We need $F_{c \to b}$. Consider the cylinder's free-body diagram. Forces on the cylinder are its weight ($W_c$) downwards and the normal force from the block upwards ($F_{b \to c}$). The cylinder accelerates downwards with $a=0.1 \text{ m s}^{-2}$.

$W_c - F_{b \to c} = m_c a$ (downwards positive)

$(25 \text{ kg})(10 \text{ m s}^{-2}) - F_{b \to c} = (25 \text{ kg})(0.1 \text{ m s}^{-2})$

$250 \text{ N} - F_{b \to c} = 2.5 \text{ N}$.

$F_{b \to c} = 250 - 2.5 = 247.5 \text{ N}$.

By Newton's Third Law, the force of the cylinder on the block ($F_{c \to b}$) is equal and opposite to the force of the block on the cylinder ($F_{b \to c}$). So, $F_{c \to b} = 247.5 \text{ N}$ downwards on the block.
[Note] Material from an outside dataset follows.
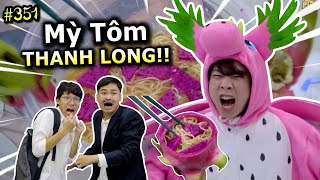 [VIDEO # 351] Lần Đầu Tiên Trái Thanh Long Có Trong Mỳ Tôm!! | Gia Đình Anime | Ping Lê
Now go back to the block's equation:

$20 \text{ N} + 247.5 \text{ N} - N'_{floor, b} = 0.2 \text{ N}$.

$267.5 \text{ N} - N'_{floor, b} = 0.2 \text{ N}$.

$N'_{floor, b} = 267.5 - 0.2 = 267.3 \text{ N}$.

This is the normal force exerted by the floor upwards on the block. By Newton's Third Law, the action of the block on the floor is equal and opposite to this reaction force.

The action of the block on the floor is 267.3 N vertically downwards.

Notice that the action of the block on the floor in case (b) is equal to the total weight of the system minus the net force causing the downward acceleration ($W_{sys} - M_{sys} a = 270 - 27 \times 0.1 = 270 - 2.7 = 267.3 \text{ N}$). This makes sense as the floor is supporting less than the total weight because the system is accelerating downwards.

Action-reaction pairs:

• Weight of block on Earth (Action) / Force of Earth on block (Reaction) - 20 N pair.
• Weight of cylinder on Earth (Action) / Force of Earth on cylinder (Reaction) - 250 N pair.
• Force of block on floor (Action) / Force of floor on block (Reaction) - 20 N pair in (a), 267.3 N pair in (b).
• Force of cylinder on block (Action) / Force of block on cylinder (Reaction) - 247.5 N pair in (b).

An action-reaction pair involves forces acting on two different bodies. For example, the weight of the block (force by Earth on block) and the normal force on the block by the floor are NOT an action-reaction pair; they are two forces acting on the same body (the block).